Notícias

05/04/2016

A criação de uma Câmara Especializada em Direito Empresarial no Tribunal de Justiça de Minas Gerais (TJMG) foi defendida pela seção mineira da Ordem dos Advogados do Brasil; pelo Sistema da Federação das Indústrias de Minas Gerais (FIEMG); pela Associação Comercial e Empresarial de Minas Gerais (ACMinas) e pelo Centro de Estudos das Sociedades de Advogados (CESA). A iniciativa traria mais eficiência e agilidade ao andamento destas ações no estado.

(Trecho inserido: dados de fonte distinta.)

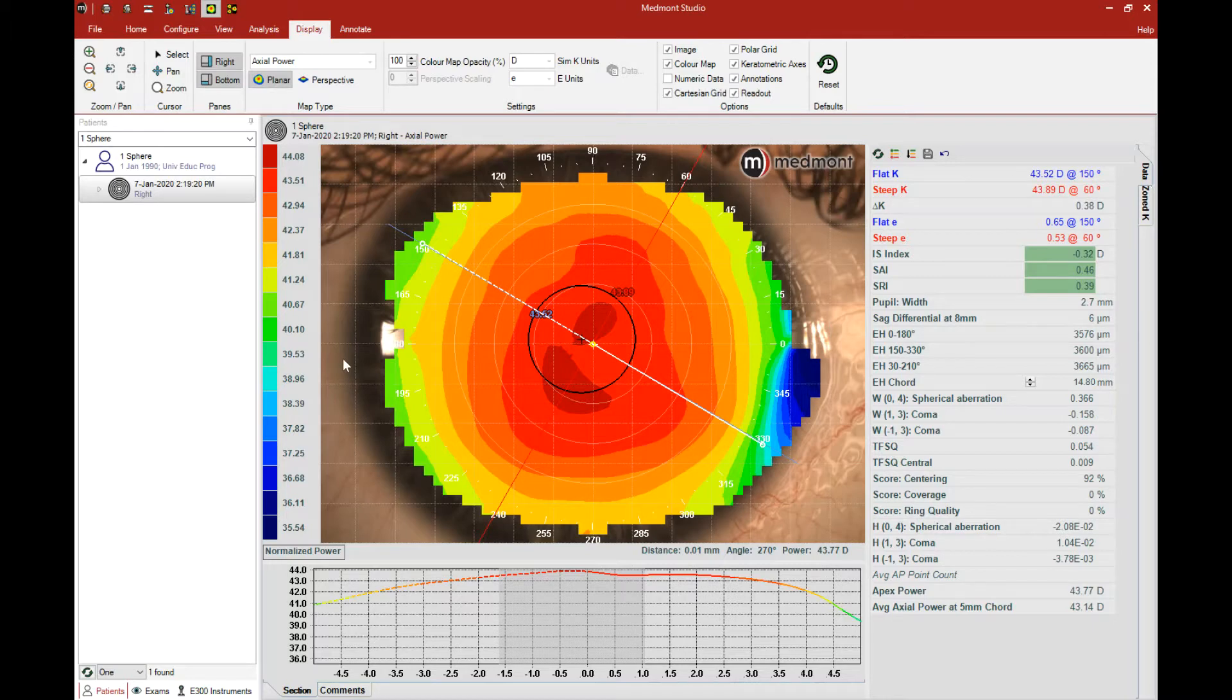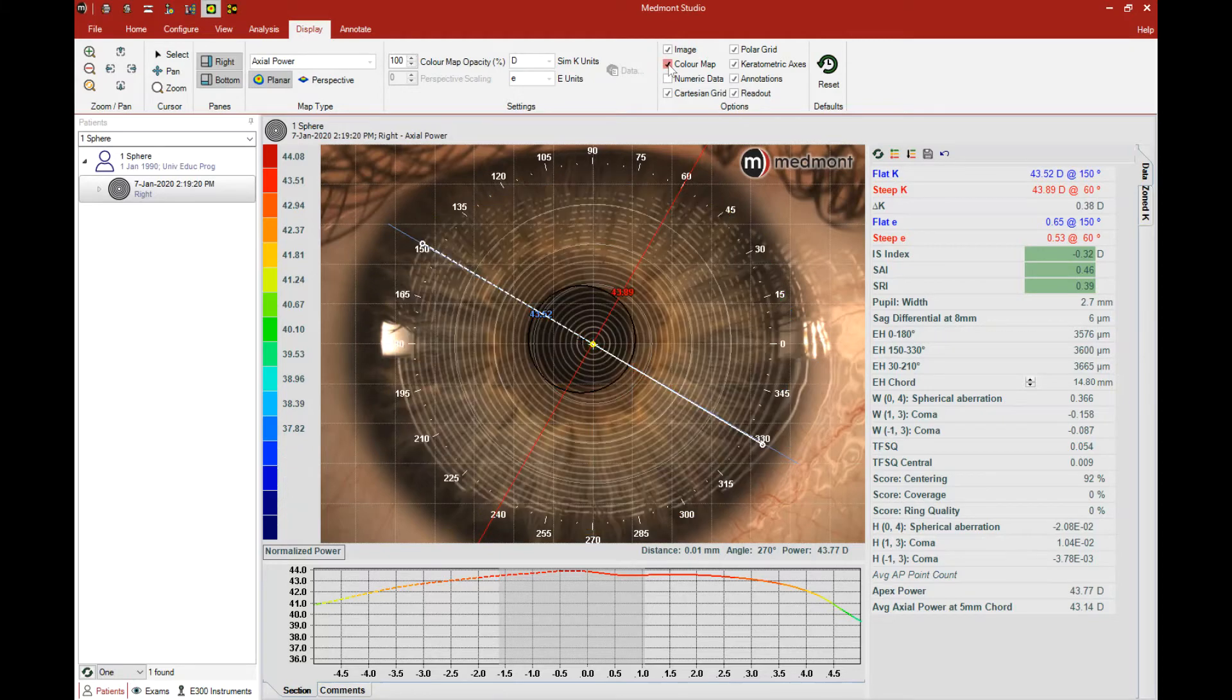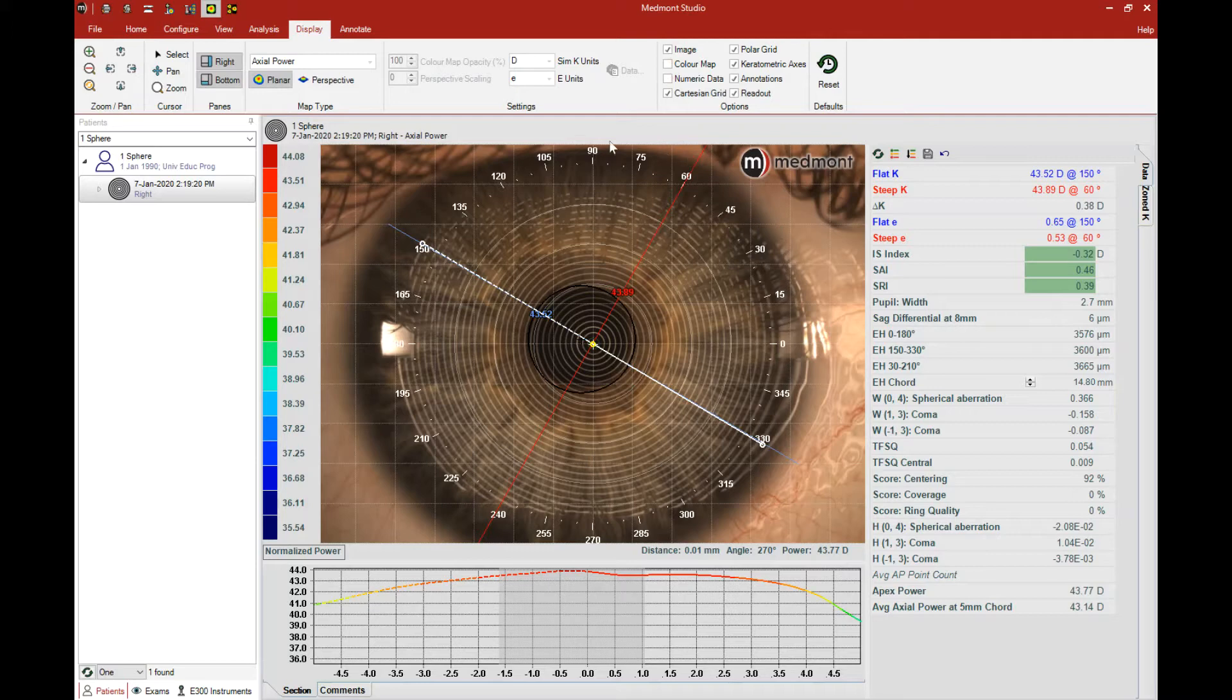If that border is partially obscured by the diameter of the topography, go to Display and uncheck Color Map. That way you can see the entire visible iris diameter.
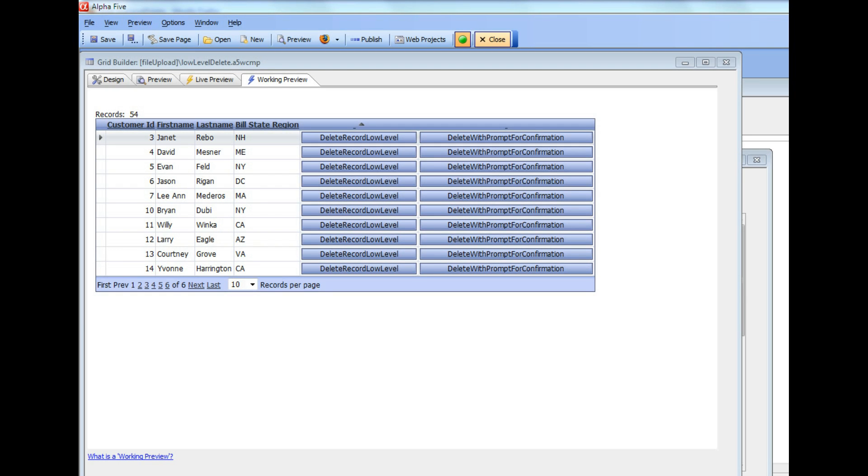In this video, we'll discuss in some depth how to write a custom Ajax callback that executes some Alpha DAO commands to execute SQL commands on a back-end database. And in this example over here,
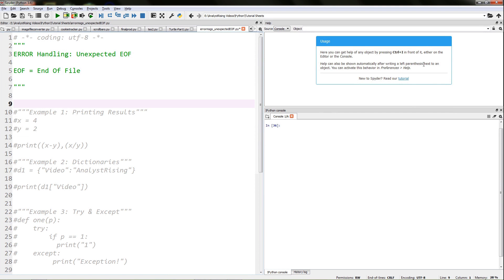Hello and welcome to the start of a series of tutorials where I will be showing you how to deal with error messages. In this case we'll be looking at the unexpected EOF error message, and I'll be running you through a few different examples of how this error message will come about and then showing you how you can resolve it.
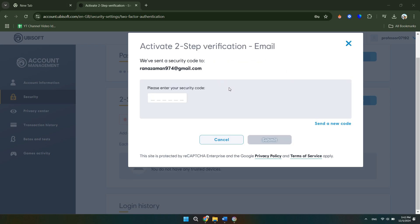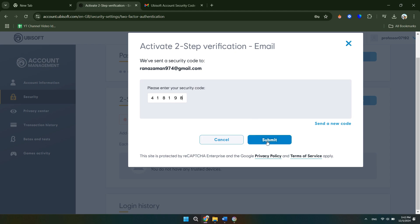Now as you can see, I've just chosen email verification just because I'm doing this for the video. If you're actually setting up 2FA, I recommend that you use an authenticator app as it is a lot more secure. However, if you do choose email, you just want to check your email and enter in the security code here.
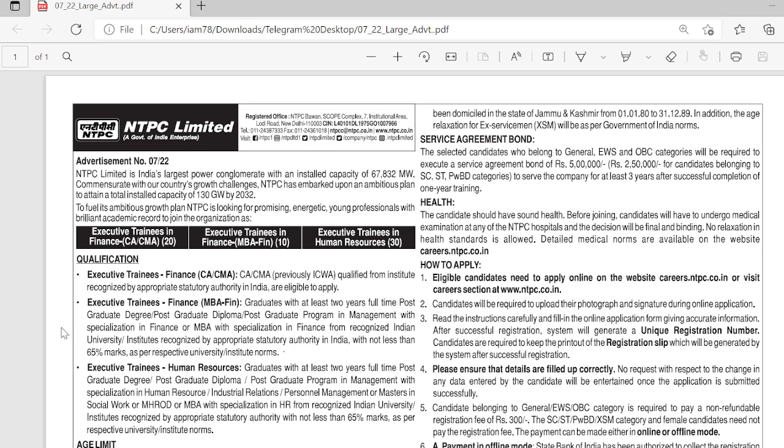Hello friends, this is Simansur Renjin. Today I came up with one of the best vacancies for all of you, and this vacancy is for CA, CMA, and MBA.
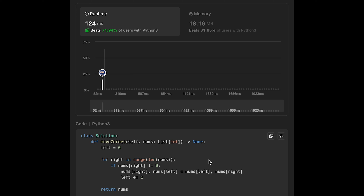The time complexity of this solution is O(n) because we iterate through all numbers one by one. For space complexity, the description says we must do this in-place without making a copy of the array — and we do exactly that. We just swap the numbers in the input array without using extra space, so the space complexity is O(1).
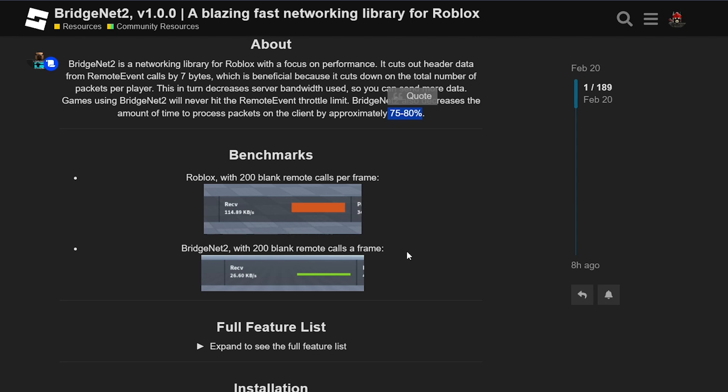In a test scenario with 200 blank remote event calls per frame, Roblox's default remote event performs at 114.89 kilobytes. And BridgeNet, on the other hand, 26.60 kilobytes. That's an impressive improvement.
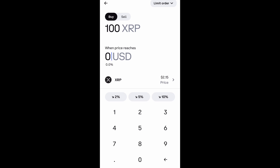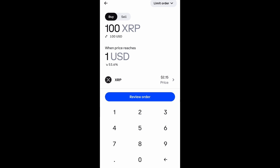When the price reaches a set dollar amount, you enter the price you want to purchase at. It's currently at $2.15, so I'm going to set an order for $1.90. Whenever the price drops down to $1.90, it will automatically trigger a buy of 100 XRP for me.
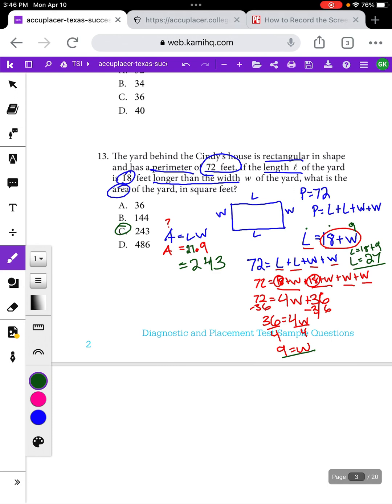That's the geometry section of the TSI. Remember, on the first 20 questions there are only 3 geometry questions. On the second section, if you have to go into the diagnostic questions, there are still 12 geometry questions — so be prepared for that. Try to do your best on that first section so you don't have to get into those extra 12 geometry questions.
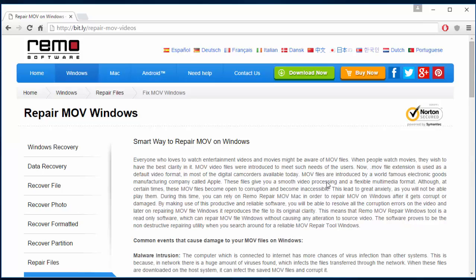Hi there! In this video, I'll show you how you can repair MOV videos on your Windows OS by making use of MOV Repair Software that can be installed on your computer by just visiting the link that I provided below.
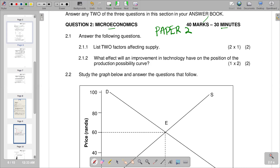Question 2.1.1 asks for at least two factors affecting supply. Supply is the total amount of a specific good or service that is available to consumers. Supply is determined from the point of view of firms or businesses producing that product. The question carries two marks, so you need to raise two points, one mark each. One factor is cost of production — if firms face high costs of production, it becomes expensive to produce, so they contract production and supply decreases.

Na manhã desta terça-feira, (5/4), foram realizados debates sobre o tema no auditório da Fiemg. O evento “Por uma Câmara Especializada em Direito Empresarial no TJMG” teve a participação de autoridades e estudiosos da área que discutiram a necessidade e a viabilidade de criação da câmara. Atualmente, apenas em São Paulo e Rio de Janeiro contam com orgãos especializados em direito empresarial.

“Em Minas Gerais, o Tribunal mantém oito câmaras que tratam de matérias específicas nos fóruns. A proposta é concentrar todas essas câmaras em apenas uma, com a atuação de cinco desembargadores especializados”, informou a professora universitária de direito empresarial e uma das organizadoras do evento, Maria Celeste Guimarães.

O presidente da OAB/MG, Antônio Fabrício, defendeu a criação da Câmara de Direito Empresarial. “Reunir os melhores desembargadores desta área específica melhorará a prestação jurisdicional e trará mais funcionalidade e celeridade ao sistema. Entendemos que essa especialização é o caminho”, declarou.

O presidente do Conselho Empresarial de Assuntos Jurídicos da ACMinas, João Henrique Café, disse que “temos que ajudar a construir o poder judiciário. Não podemos resolver os problemas de dentro para fora. É necessário união de forças para encontrar soluções”.


1º painel

A importância da Câmara para o advogado empresarialista

O advogado José Anchieta da Silva afirmou que “a advocacia já deu o exemplo ao levar para o judiciário a iniciativa da Câmara de Arbitragem. Já é hora de Minas Gerais ter um conselho voltado para a área empresarial”.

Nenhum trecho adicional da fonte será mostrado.